## Exercise details:
Give back, exactly and with nothing added, the lines that run from the one containing "by Elk 190024217" to the final line below.

## Stored items:

--

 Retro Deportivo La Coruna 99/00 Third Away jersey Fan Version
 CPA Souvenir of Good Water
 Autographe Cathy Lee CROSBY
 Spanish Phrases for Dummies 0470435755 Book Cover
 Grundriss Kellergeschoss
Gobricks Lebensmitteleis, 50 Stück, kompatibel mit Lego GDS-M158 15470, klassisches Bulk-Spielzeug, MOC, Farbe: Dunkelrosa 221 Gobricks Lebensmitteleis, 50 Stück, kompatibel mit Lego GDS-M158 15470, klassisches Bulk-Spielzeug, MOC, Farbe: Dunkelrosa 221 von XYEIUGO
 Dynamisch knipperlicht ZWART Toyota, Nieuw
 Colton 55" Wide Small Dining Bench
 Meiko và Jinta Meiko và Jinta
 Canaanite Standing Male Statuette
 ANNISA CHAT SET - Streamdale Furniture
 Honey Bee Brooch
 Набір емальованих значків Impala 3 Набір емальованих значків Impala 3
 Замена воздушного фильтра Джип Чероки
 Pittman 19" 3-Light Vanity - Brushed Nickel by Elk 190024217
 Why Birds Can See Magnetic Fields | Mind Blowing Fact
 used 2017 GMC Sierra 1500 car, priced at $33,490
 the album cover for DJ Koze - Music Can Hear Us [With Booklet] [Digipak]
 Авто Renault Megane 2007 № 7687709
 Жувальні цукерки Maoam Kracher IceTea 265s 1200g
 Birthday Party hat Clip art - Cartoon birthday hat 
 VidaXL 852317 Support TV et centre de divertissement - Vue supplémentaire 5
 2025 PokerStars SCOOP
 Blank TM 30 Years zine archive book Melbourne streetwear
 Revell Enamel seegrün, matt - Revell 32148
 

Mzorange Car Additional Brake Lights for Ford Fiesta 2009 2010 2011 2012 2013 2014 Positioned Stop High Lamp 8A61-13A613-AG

--

## Written solution:
 Pittman 19" 3-Light Vanity - Brushed Nickel by Elk 190024217
 Why Birds Can See Magnetic Fields | Mind Blowing Fact
 used 2017 GMC Sierra 1500 car, priced at $33,490
 the album cover for DJ Koze - Music Can Hear Us [With Booklet] [Digipak]
 Авто Renault Megane 2007 № 7687709
 Жувальні цукерки Maoam Kracher IceTea 265s 1200g
 Birthday Party hat Clip art - Cartoon birthday hat 
 VidaXL 852317 Support TV et centre de divertissement - Vue supplémentaire 5
 2025 PokerStars SCOOP
 Blank TM 30 Years zine archive book Melbourne streetwear
 Revell Enamel seegrün, matt - Revell 32148
 

Mzorange Car Additional Brake Lights for Ford Fiesta 2009 2010 2011 2012 2013 2014 Positioned Stop High Lamp 8A61-13A613-AG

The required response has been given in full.